Now take the (Galois) subextension $\;E:=\Bbb Q(\zeta)/\Bbb Q\;$ . This is the cyclotomic extension of the rationals of order $\;\phi(p)=p-1\;$ and it, of course, is cyclic of that order since in fact $\;Gal(E/Q)\cong\left(\Bbb Z/p\Bbb Z\right)^*\;$ . 
Likewise, the (non-Galois) subextension $\;F:=\Bbb Q(\sqrt[p]2\,\zeta)/\Bbb Q\;$ of order $\;p\;$ (Why is this extension not normal?) is of order $\;p\;$ and its automorphism group is cyclic of order $\;p\;$.

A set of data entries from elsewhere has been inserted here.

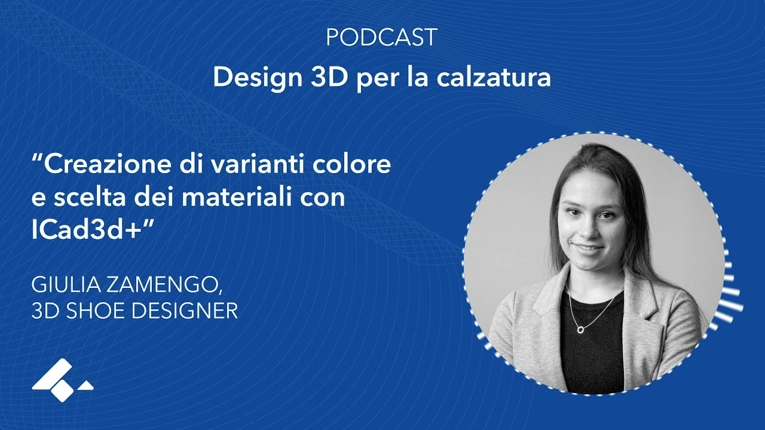 Prisma Tech Podcast | 3D design for footwear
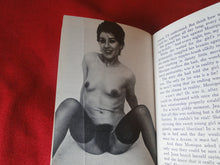 Load image into Gallery viewer, Vintage Erotic Adult Paperback Book/Novel Vacation of Love Illustrated PB4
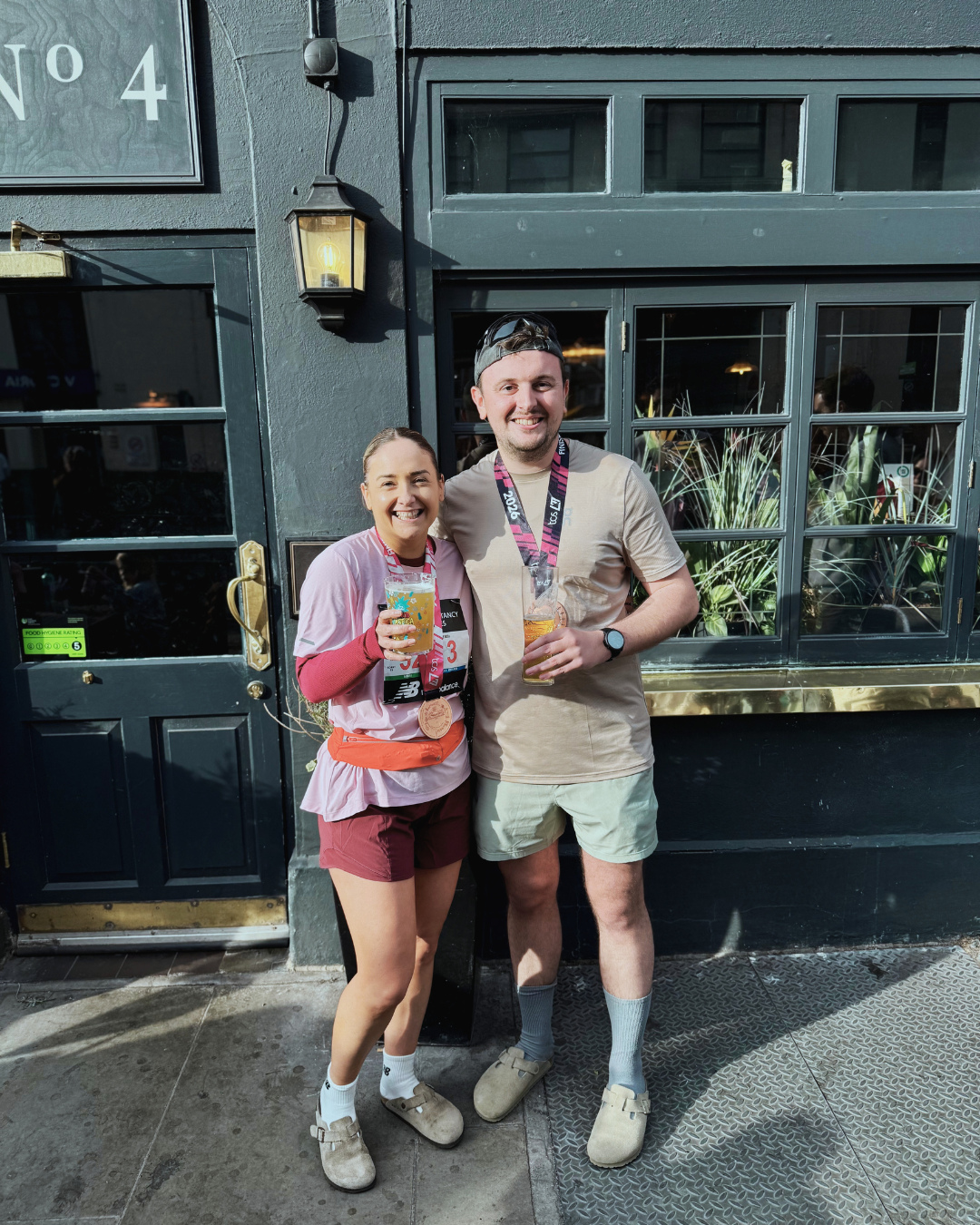 This Friday, we’re celebrating our PDG Pacers…. Hetty and Josh, who completed the 2026 London Marathon on what turned out to be one of the hottest days of the year so far- making an incredible achievement even more impressive! 🏃♀️🏃♂️☀️
After months of sacrifice, training and determination they ran their hearts out and absolutely did us proud. The atmosphere across London, created by the crowd and fellow participants, was electric and motivating.
Thanks to the amazing support from all our friends, peers and colleagues who donated, we raised an incredible £7,405 for Little Village Charity - smashing our original £6,000 target!
Your generosity will help support the incredible work Little Village does for families across London.
And for those of you who entered our prize draw… 🎉
We're excited to announce the winners this coming Thursday - stay tuned 👀
.
.
#LondonMarathon2026
#CharityChallenge
#LittleVillage
#Fundraising
#TeamWork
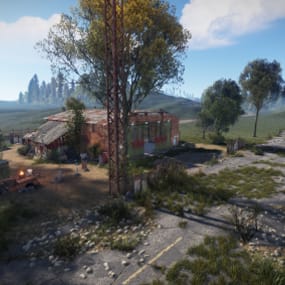 More information about "Bandit Hangar"
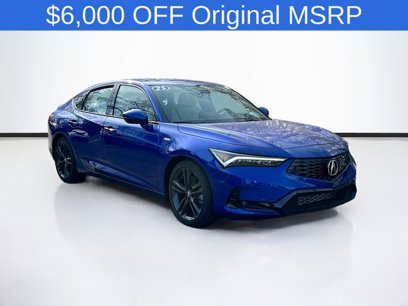 Certified 2025 Acura Integra A-Spec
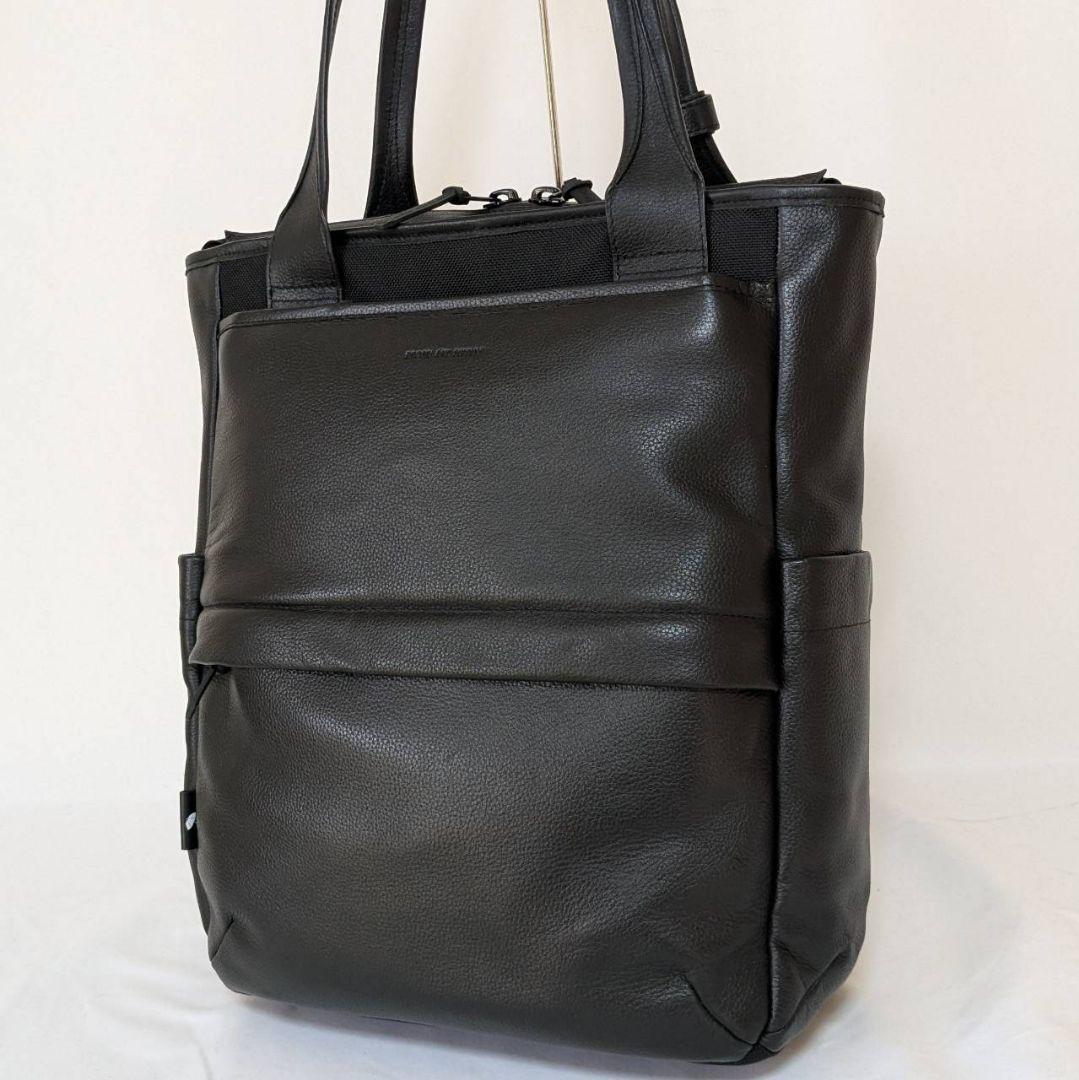 ✨極美品✨ BROSKI AND SUPPLY UPPER2 トートバッグ 本革 トートバッグ『UPPER2』 - YouTube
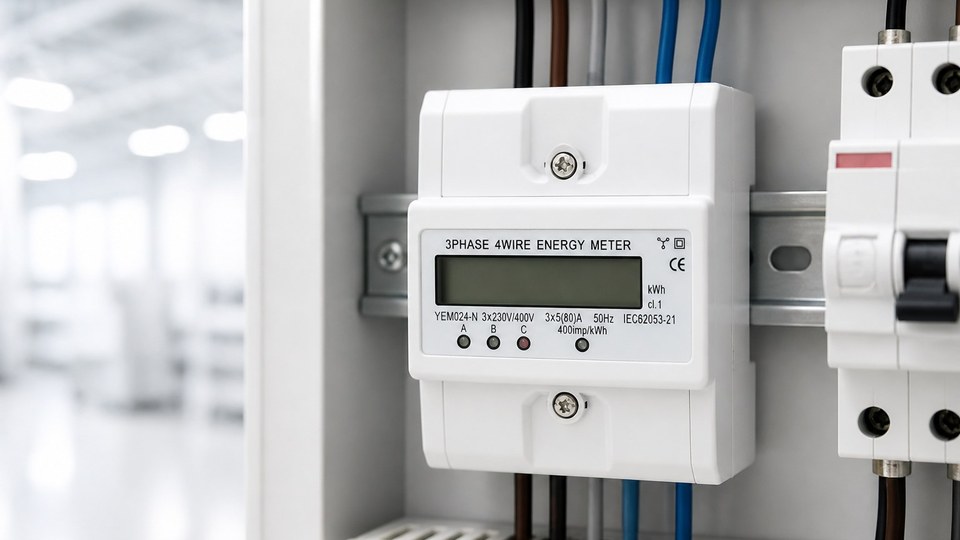 Energy Meters: A Complete Guide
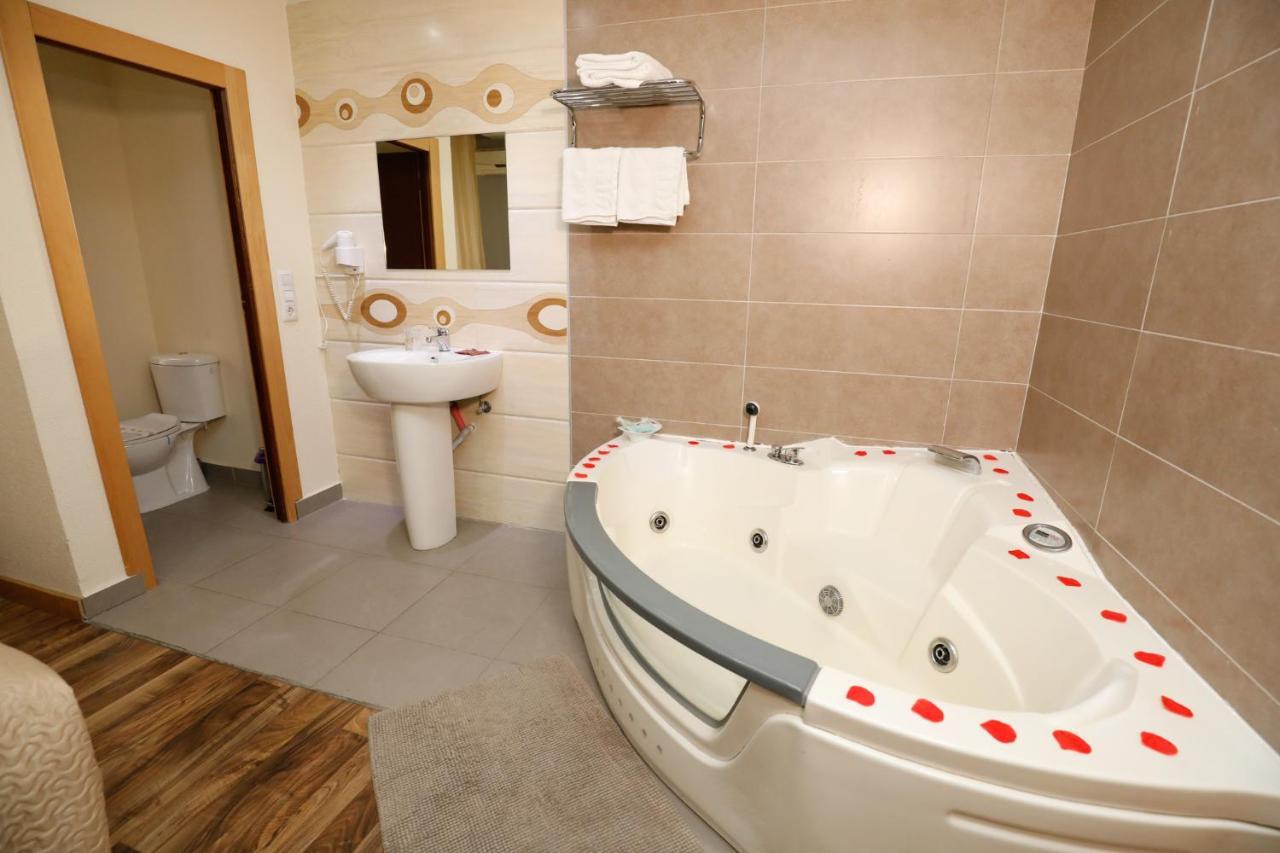 סלאמנקה Hostal Conde David מראה חיצוני תמונה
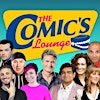 Logotipo da organização The Comics Lounge Comedy Club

Finally, observe that $\;G=Gal(E/\Bbb Q)\cdot Aut(F/\Bbb Q)\;$ by orders considerations, and since $\;Gal(E/\Bbb Q)\lhd G\;$ we then have a semidirect product $\;\cong C_p\rtimes C_{p-1}\;$
A: Here is an 'easy' group it is isomorphic to:
$$
\left\{\begin{pmatrix}
a & b \\ 0 & 1
\end{pmatrix} : a, b \in \mathbb{F}_p, a \neq 0 \right\}
$$
with the following isomorphism. If $\sigma \in \text{Gal}(\mathbb{Q}(\zeta,\sqrt[p]{2}))$ with $\sigma(\zeta)= \zeta^a$ and $ \sigma ( \sqrt{2} ) =  \zeta^b \sqrt[p]{2}$, then send $\sigma$ to
$$
\begin{pmatrix}
a & b \\ 0 & 1
\end{pmatrix}.
$$
This was actually an excercise in a Galois Theory course I followed this year :)